Since the "real world" is, by nature, not organized by academic disciplines, a side benefit is that students learn not only about one particular subject, but also about the interrelationships between that subject and many others.

Higher level thinking and problem solving. Being able to analyze problems, generate alternatives, and anticipate consequences are critical skills in any area of life. A national study of 30 school-sponsored youth participation programs revealed that the key factor in stimulating complex thinking and improving the problem-solving ability of students was the existence, regularity, and quality of a reflective component (Conrad & Hedin, 1982).

Learning to learn from experience. Reflection is a skill, more accurately a cluster of skills, involving observation, asking questions, and putting facts, ideas, and experiences together to add new meaning to them all. Learning to learn in this way, and instilling the practice as a habit, can allow program experiences to live on in the students' lives in new experiences and new learning.

Personal Development

Awareness of changes in oneself. Meeting with other volunteers provides the opportunity to share successes and failures, to call on the help and advice of others, and to gain support, recognition, and a sense of belonging to some greater effort. It also develops a sense of ownership of the project, and a commitment to its success.

Taking charge of life. Being able to learn from experience gives us the power to influence the meaning and impact of things that we do or that happen

to us. It also increases our capacity to influence subsequent experiences. It puts us in charge. It does this by providing a clearer understanding of the world, a heightened sense of who we are and can be, and an increased capacity and inclination to empower others.

Program Improvement

Improved service. A major reason for including time for reflection is to improve the quality of service. Reflection, considered in this light, includes such things as learning specific skills required by the project, problem solving, brainstorming, devising plans and strategies, and working on communication skills. As a general rule, the more practical the sessions and the more obviously related to the service experience, the more important they will seem and the more energetically the volunteers will participate.

Improved program. For a program director, the ongoing feedback from participants on how things are going and discussions of how to make them go better is invaluable.

TIMES OF REFLECTION

In many cases the real question is not whether to encourage reflection, but where and when to do so. The following approaches commonly are used, often

in combination.

"It is in the day-today processing of experience

that we realize, or miss, the limitless potential

of learning from service."

Individual conferences In every program, there is some opportunity for individual discussions between participants and their teachers or adult supervisors. As part of the initial placement interview, for example, a student may be guided to set particular goals. These will serve as ground work for a journal or other self-monitoring method, as well as for periodic follow-up conferences during the course of the program.

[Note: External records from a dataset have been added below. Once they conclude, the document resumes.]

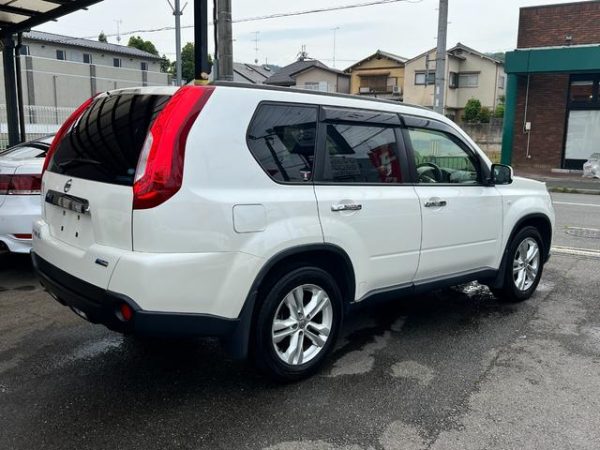 NISSAN X-TRAIL 20GT - Image 4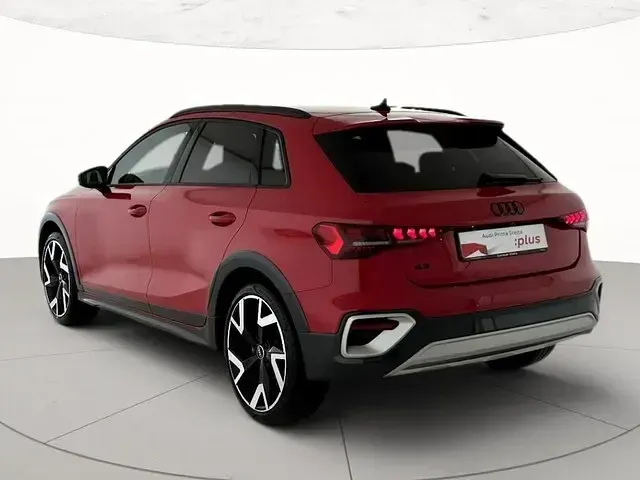 Usado Audi A3 Advanced Plus 150 CV (110 kW) 2025 Rojo Berlina
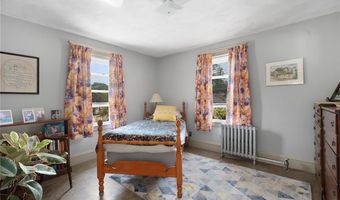 71 Philmont Ave, Cranston, RI 02910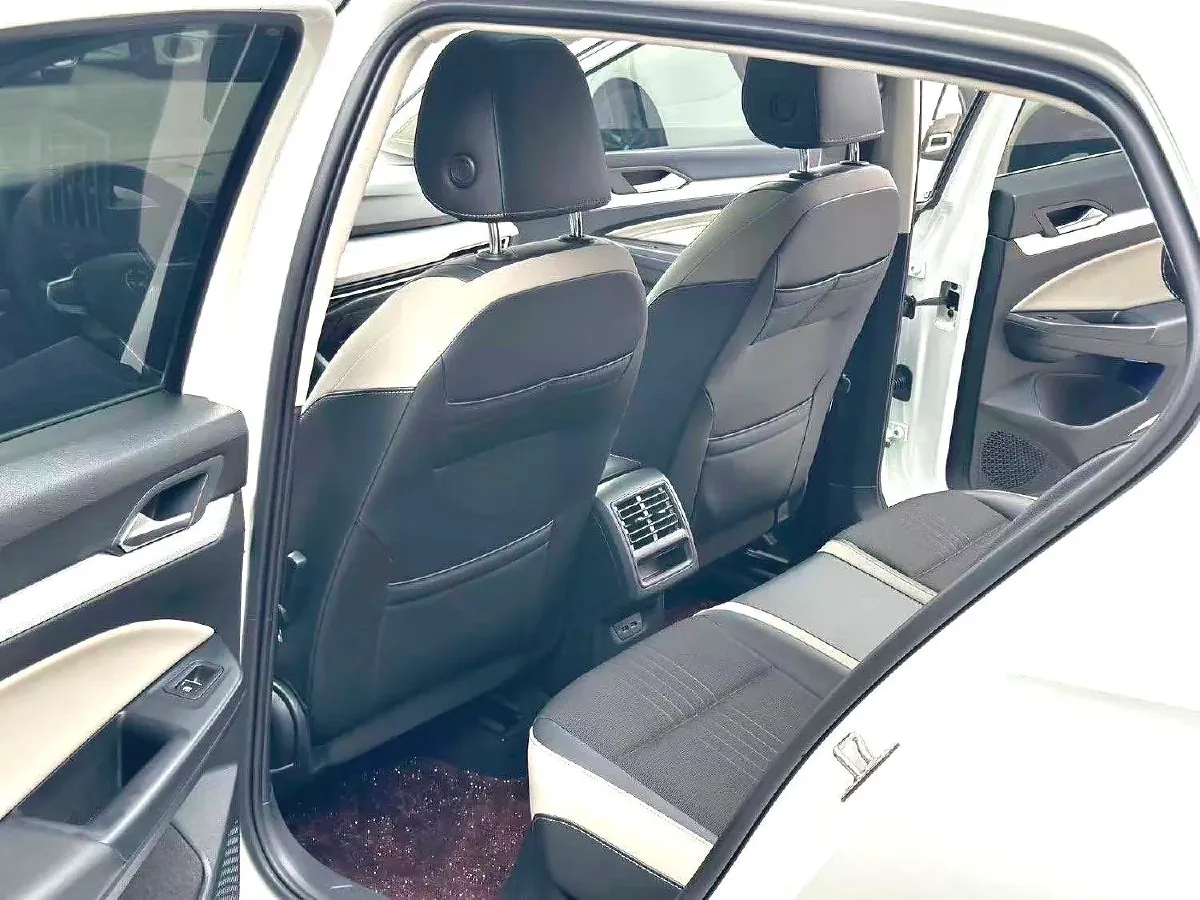 2021 Volkswagen Golf 1.4T 150HP L4 7DCT,autocango,china used car exporter,china ev exporter,chinese used car exporter,chinese used ev exporter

Brief daily meetings. Students may meet together briefly either before or after going to their community placements to get equipment, arrange transportation, file reports, and so. These gatherings provide opportunities for exchanging ideas, for reporting on successes or difficulties, or for group problem solving. On occasion these sessions are extended to allow for more in-depth discussions.

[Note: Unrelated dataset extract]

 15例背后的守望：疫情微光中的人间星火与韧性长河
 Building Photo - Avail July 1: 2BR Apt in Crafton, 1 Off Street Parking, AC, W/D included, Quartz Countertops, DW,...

Weekly group meetings. In some cases a group session is built into the program's structure from the beginning. For example, a program involving students in child care might be scheduled for a double period each day, with the students spending three days each week in day-care centers and two days in

group meetings. These meeting may be devoted to studying early childhood

development or planning activities to be conducted with the children.

Periodic workshops. In some cases, special workshops are scheduled into

the overall program. These often are full or half-day events focusing on such

things as the special needs for the people being served and the necessary skills to respond effectively. These sessions may be conducted by the program leader and/or by experts from the community.

Where and How to Reflect

Designing effective seminars or reflection sessions is difficult, paradoxically, because youth are in new roles of importance and respect: being in charge of things, working alongside adults rather than as underlings. The classroom component may seem too much like business-as-usual. To return to the student role can seem like a letdown, as one 16-year old girl wrote in her journal: ". . . and now it's time to return to school, to change from person back into student."

Making the sessions as little like school as possible by altering both the setting and the format is the key to success. Some leaders have found it possible - and productive- to hold their group meetings in the agencies where the students volunteer, in their own or the students' homes, or even in a conference room at the United Way or Chamber of Commerce. If you must meet within the school, try to find somewhere other than a normal classroom.

Beyond the obvious observation that discussion should be the primary mode of the sessions and that they should include a variety of activities, the format should be that of staff training or staff meetings. This point is not at all trivial, for both setting and format must convey that these sessions are serious, significant, and a continuation of the students' important roles in the community.

The second key to success is that the sessions be directly related to the work being done in the community. This is the most easily accomplished when all the participants are performing similar kinds of service, or are working in the same agency or on one large project. Sometimes the same effect can be achieved by dividing the total volunteer team into two or more subgroups.

When these steps are not possible (and very often they are not), the job of constructing a relevant curriculum is more complicated but not impossible to achieve. The key is to find as many common elements as you can, starting with the unifying factor that all will be providing service to others.

ORGANIZING THE REFLECTIVE COMPONENT

Learning activities can be organized into the three phases of a program which we refer to as the "three P's"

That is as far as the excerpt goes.